• [EXERCISE REQUIREMENTS]: As the output, give exactly the lines that run from the one with "Property photo of" through the end of the records below, and omit pictures.

• [DATA FOR PROCESSING]:

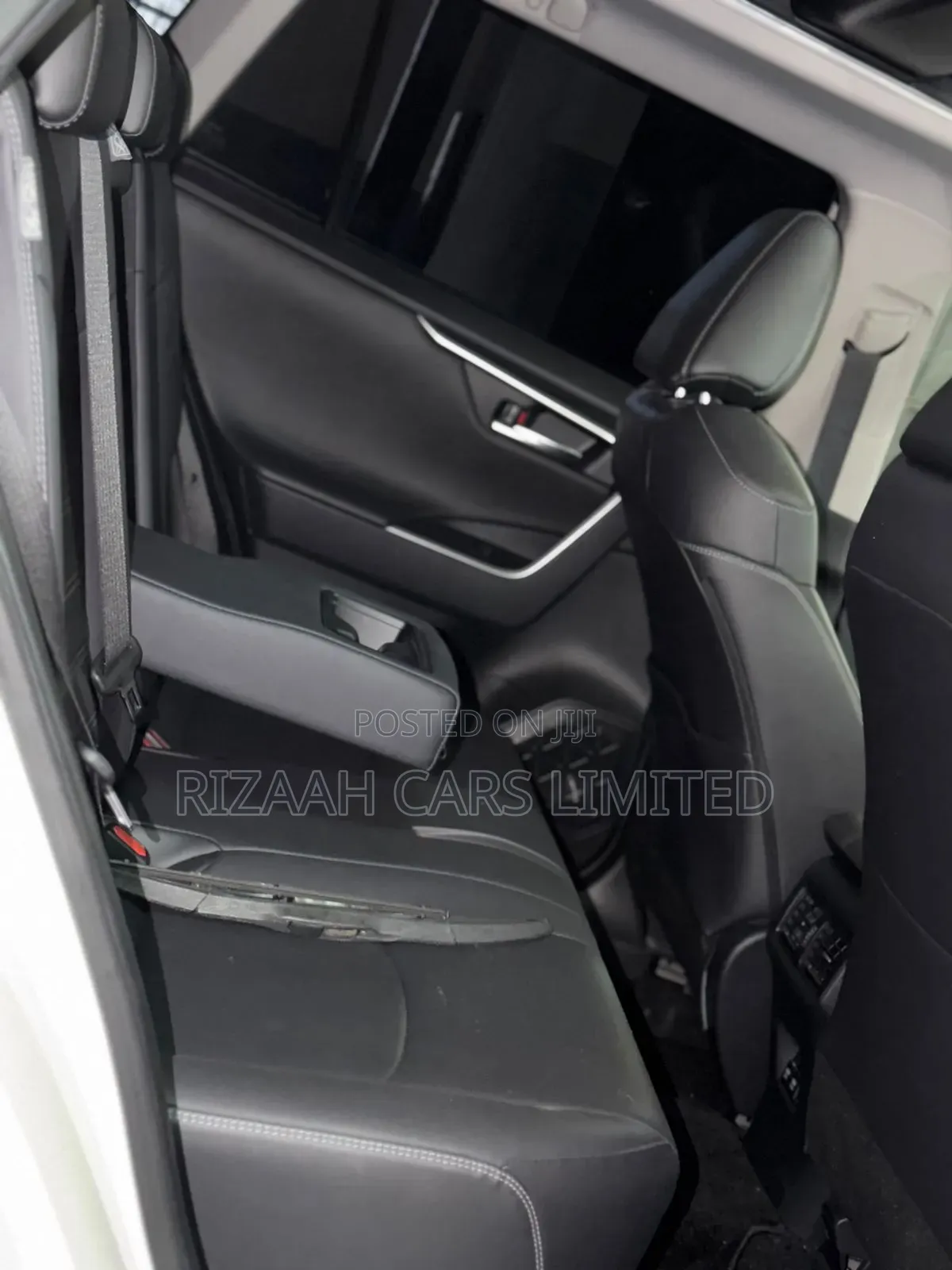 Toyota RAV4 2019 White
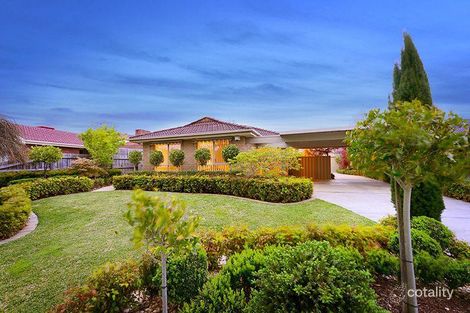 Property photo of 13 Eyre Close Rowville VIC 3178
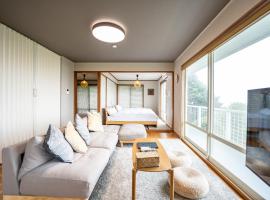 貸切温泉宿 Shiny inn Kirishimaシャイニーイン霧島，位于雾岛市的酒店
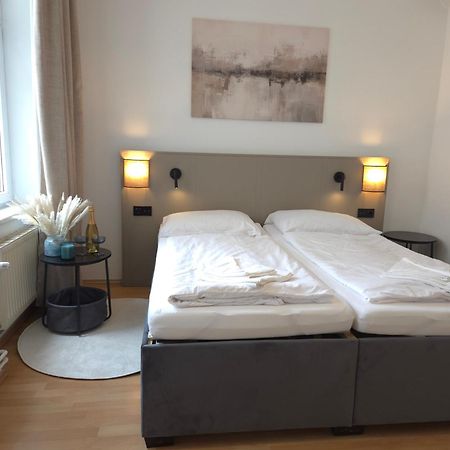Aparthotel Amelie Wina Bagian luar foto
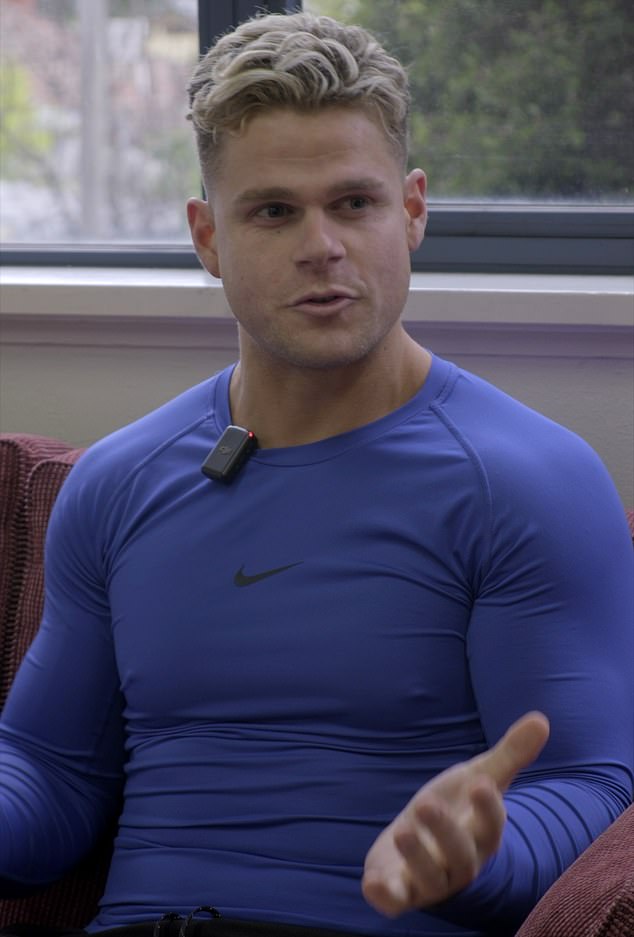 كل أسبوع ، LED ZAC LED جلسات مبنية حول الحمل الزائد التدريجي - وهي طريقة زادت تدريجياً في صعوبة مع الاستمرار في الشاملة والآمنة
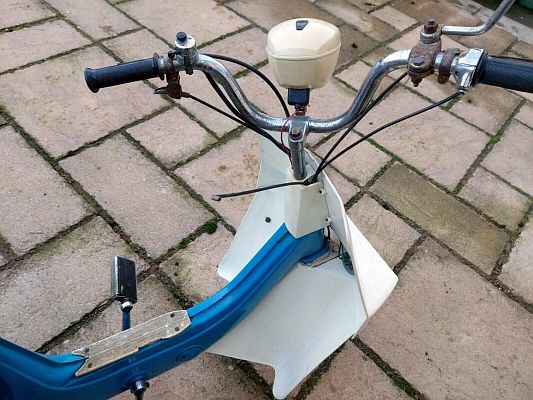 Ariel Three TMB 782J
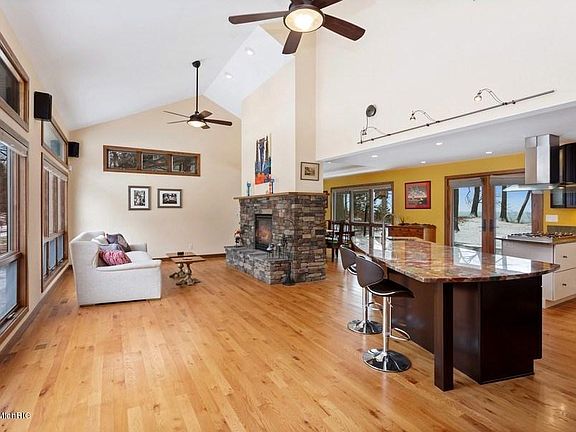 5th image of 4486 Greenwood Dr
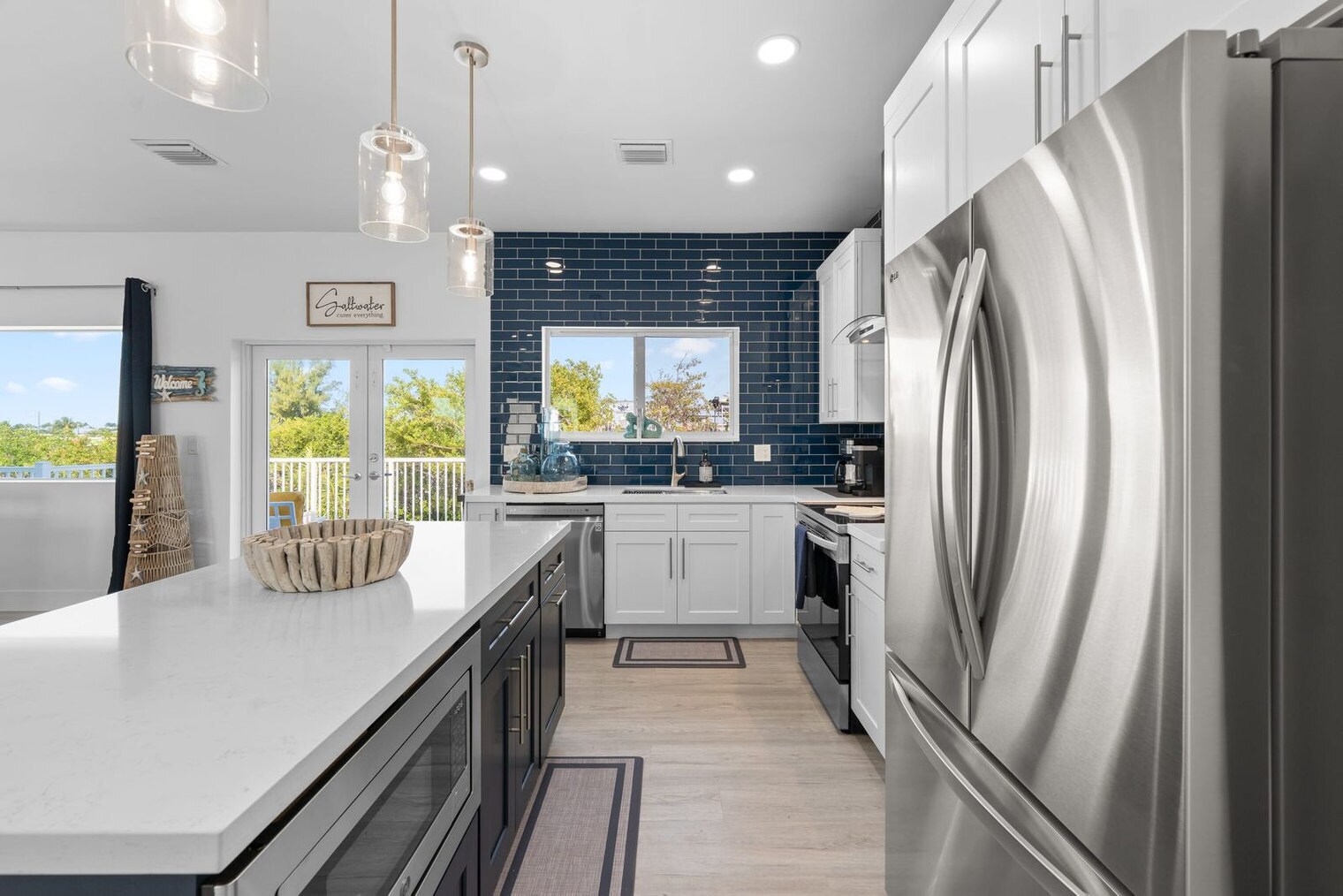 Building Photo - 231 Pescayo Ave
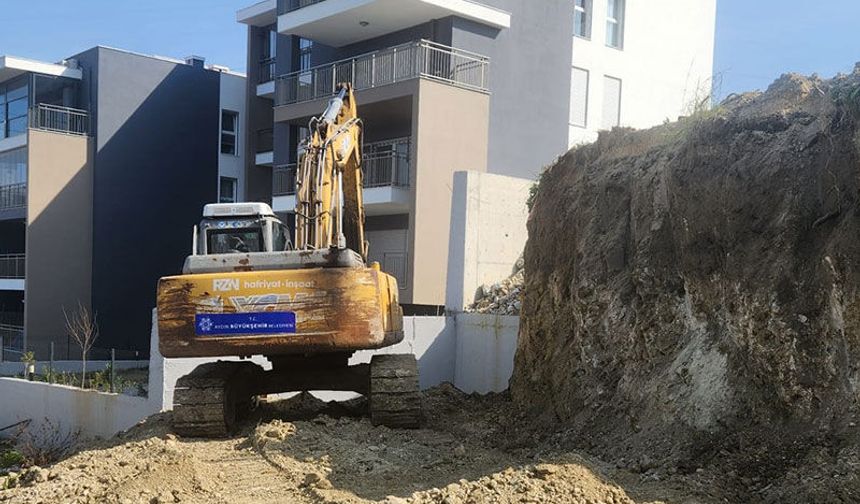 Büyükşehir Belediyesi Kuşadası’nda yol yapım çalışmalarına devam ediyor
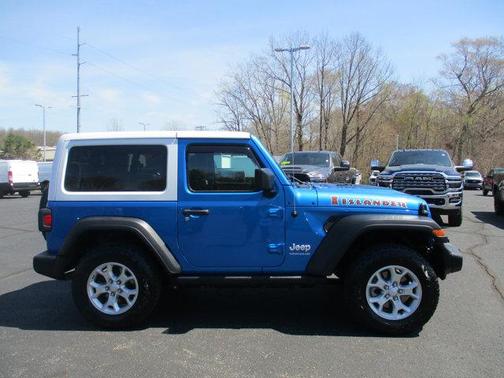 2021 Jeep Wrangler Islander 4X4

• [RESPONSE]:
 Property photo of 13 Eyre Close Rowville VIC 3178
 貸切温泉宿 Shiny inn Kirishimaシャイニーイン霧島，位于雾岛市的酒店
Aparthotel Amelie Wina Bagian luar foto
 كل أسبوع ، LED ZAC LED جلسات مبنية حول الحمل الزائد التدريجي - وهي طريقة زادت تدريجياً في صعوبة مع الاستمرار في الشاملة والآمنة
 Ariel Three TMB 782J
 5th image of 4486 Greenwood Dr
 Building Photo - 231 Pescayo Ave
 Büyükşehir Belediyesi Kuşadası’nda yol yapım çalışmalarına devam ediyor
 2021 Jeep Wrangler Islander 4X4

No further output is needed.